Within the first frequency band of 2.4 GHz, the coupler has 4-dB transmit-port transmission loss, 3.6-dB receive-port transmission loss, and 65-dB transmit-receive-port isolation. Within the second frequency band at 5 GHz, the coupler has 4.1-dB transmit-port transmission loss, 3.4-dB receive-port transmission loss, and 53-dB transmit-receive-port isolation. The measured results verify that the proposed coupler design significantly improves transmit-receive-port isolation within both bands, compared with the performance of a conventional dual-band coupler shown in Fig. 4.

In summary, by realizing an intended impedance mismatch at the coupler’s idle port, isolation between the coupler’s transmit and receive ports can be significantly increased. To demonstrate the concept, a prototype coupler was fabricated and measured. Luckily, it is both compact and simple to fabricate.

References

1. David M. Pozar, Microwave Engineering, 2nd ed., Wiley, New York, 1998.

2. S.K. Cheung.

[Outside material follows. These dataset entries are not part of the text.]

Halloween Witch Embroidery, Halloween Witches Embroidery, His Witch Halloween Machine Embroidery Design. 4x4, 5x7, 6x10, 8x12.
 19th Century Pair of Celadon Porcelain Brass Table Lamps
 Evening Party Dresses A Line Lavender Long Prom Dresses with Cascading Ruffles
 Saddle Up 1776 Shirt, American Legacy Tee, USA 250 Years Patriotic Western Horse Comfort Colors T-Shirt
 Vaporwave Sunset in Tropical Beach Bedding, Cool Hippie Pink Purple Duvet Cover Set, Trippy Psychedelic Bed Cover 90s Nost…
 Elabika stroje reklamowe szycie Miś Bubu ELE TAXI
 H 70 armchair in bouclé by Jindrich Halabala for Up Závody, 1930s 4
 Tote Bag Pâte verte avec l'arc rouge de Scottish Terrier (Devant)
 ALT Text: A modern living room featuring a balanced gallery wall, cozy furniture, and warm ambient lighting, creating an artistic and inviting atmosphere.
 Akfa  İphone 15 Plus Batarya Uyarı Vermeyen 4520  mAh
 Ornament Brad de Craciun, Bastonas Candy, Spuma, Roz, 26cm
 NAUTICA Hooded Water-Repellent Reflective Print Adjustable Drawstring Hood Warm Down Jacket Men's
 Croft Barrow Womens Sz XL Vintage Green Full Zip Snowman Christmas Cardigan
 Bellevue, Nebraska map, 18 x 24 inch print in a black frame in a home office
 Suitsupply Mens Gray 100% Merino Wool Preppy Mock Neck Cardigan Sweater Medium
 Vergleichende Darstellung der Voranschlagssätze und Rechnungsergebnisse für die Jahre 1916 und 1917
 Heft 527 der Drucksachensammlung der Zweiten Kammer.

T.P. Halloran, W.H. Weedon, and C.P. Caldwell, "MMIC-Based Quadrature Hybrid Quasi-Circulators for Simultaneous Transmit and Receive," IEEE Transactions on Microwave Theory & Techniques, Vol. 58, No. 3, March 2010, pp. 489-497.

3. W.K. Kim, M.Q. Lee, J.H. Kim, H.S. Lim, J.W. Yu, B.J. Jang, and J.S. Park, "A Passive Circulator with High Isolation Using a Directional Coupler for RFID," IEEE Microwave Theory & Techniques Symposium International Digest, 2006, pp. 1177-1180.

4. J.R. Yang, D.W. Kim, and S. Hong, "Quasi-circulator for effective cancellation of transmitter leakage signals in monostatic six-port radar, IEEE Transactions on Microwave Theory & Techniques, Vol. 45, No. 21, October 2009, pp. 1093-1095.

5. K. Kim and D. Ahn, "A new switching structure using branch-line hybrid couplers for time-division-duplex system," IEEE Microwave Theory & Techniques Symposium International Digest, 2008, pp. 999-1002.

6. S.G. Kim, H. Kim, Y. Lee, S. Kho, and J.G. Yook, "5.8-GHz Vital Signal Sensing Doppler Radar Using Isolation-Improved Branch-Line Coupler," Third European Radar Conference, 2006, pp. 249-252.

7. M.J. Park and B. Lee, "Dual-Band, Cross-Coupled Brach-Line Coupler, IEEE Microwave and Wireless Components Letters, Vol. 15, No. 10, October 2005, pp. 655-657.

8. C. Caloz and T. Itoh, Electromagnetic Metamaterials: Transmission Line theory and Microwave Applications. Hoboken, NJ: Wiley, 2006.

9. IE3D Version10.1, Zeland Software, Inc. (www.zeland.com).